State v. Daryl J. Teska, 2011AP1010-CR, District 2, 3/14/12
court of appeals decision (1-judge, not for publication); for Teska: John E. German; case activity
Teska was originally placed on probation, sentences withheld, on 3 counts; jail time as a condition of probation was ordered as to 1 count. Probation was later revoked and although all 3 of sentences were imposed concurrently, credit for the time spent in jail as a condition of probation was allocated only to that particular count. The court of appeals now rejects Teska’s argument that credit should have been awarded on the other 2 counts as well. Credit for time spent in custody must be factually connected to the course of conduct for which sentence is imposed; even though the counts involved similar conduct (leaving a voice mail, as compared with a text, message on the same date), credit requires that the conduct involve “the same specific acts,” State v. Tuescher, 226 Wis. 2d 465, 475, 595 N.W.2d 443 (Ct. App. 1999).
¶8 For custody credit to be granted, the days spent in custody must be factually, not just procedurally, connected to the course of conduct for which sentence was imposed. See State v. Johnson, 2009 WI 57, ¶33, 318 Wis. 2d 21, 767 N.W.2d 207. In this case, the six months of jail time Judge Kennedy ordered Teska to serve as a condition of probation was factually related only to the underlying course of conduct in count one of No. 2009CM340, sending a text message to the victim on June 29, 2009, in violation of the domestic abuse injunction in place at the time. Thus, the 83 days Teska served on that count alone, from the date he began serving the condition time, March 1, 2010, through the date the probation hold was put in place on all three counts, May 23, 2010, were only “in connection with” Teska sending that text message.
With all due respect, this decision makes no sense. The defendant is only entitled to sentence credit for time “spent in custody in connection with the course of conduct for which sentence was imposed.” s.973.155. It appears from the decision that each of the counts for which the defendant was placed on probation was factually part of the same course of conduct.

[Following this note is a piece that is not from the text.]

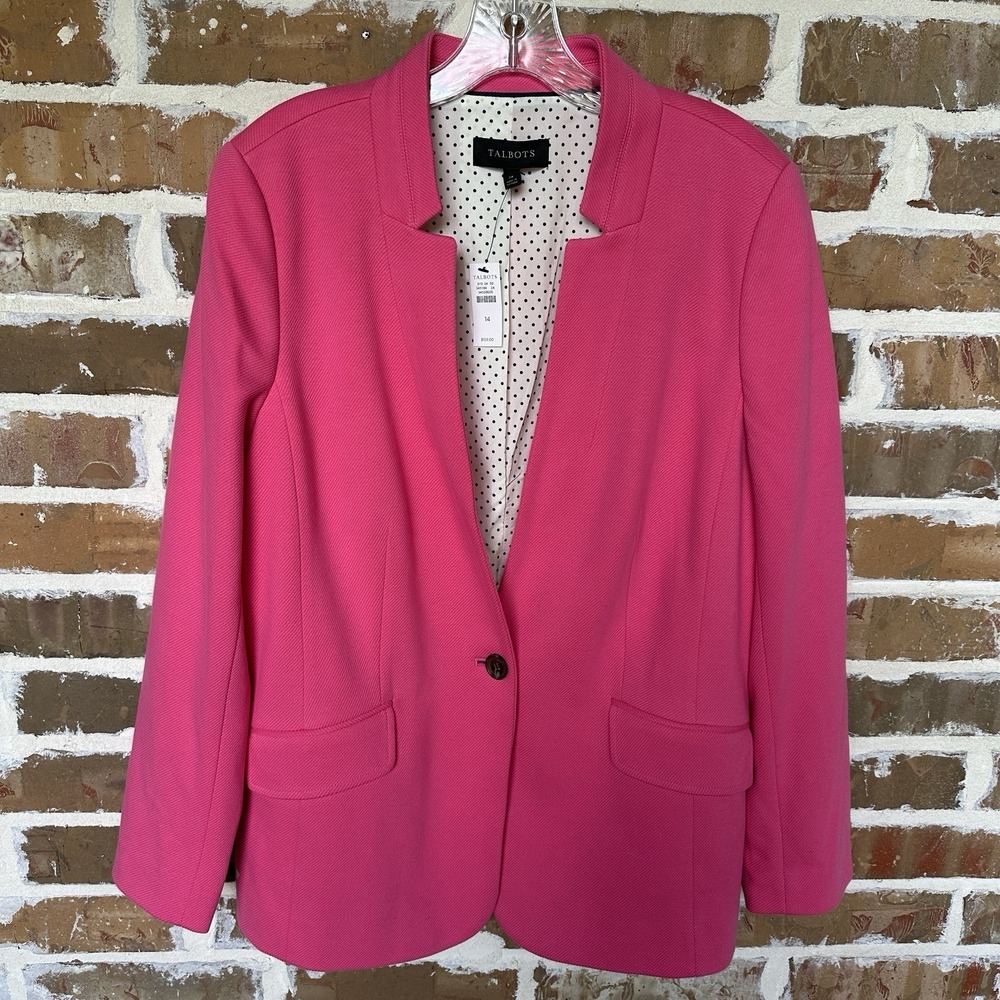 Talbots Blazer Women's Size 14 Hot Pink Notch Lapel Academia Preppy Career NWT
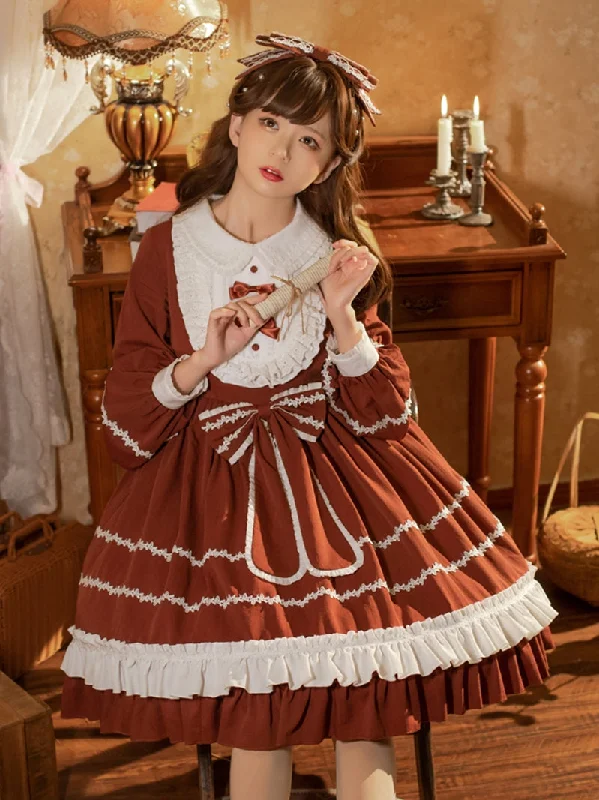 chic wrap dressEieyomi~Pastorale Rabbit~Kawaii Lolita OP Dress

More importantly, however, I do not believe that Judge Kennedy had the authority to limit a jail condition to one of three concurrent probation terms. Under Wisconsin law, terms of probation must be concurrent. E.g. State v. Pierce, 117 Wis.2d 83, 342 N.W.2d 776 (Ct. App. 1983). The imposition of conditions (other than length) applicable only to one term of concurrent probation would seem to conflict with this requirement.
Finally, as a practical matter, the condition time was a condition of all three probationary terms even though specifically assigned only to one. If the defendant violated the terms of that one probationary term by failing to appear to serve the condition time, that failure would, as a practical matter, violate the terms of the other two probationary terms as well.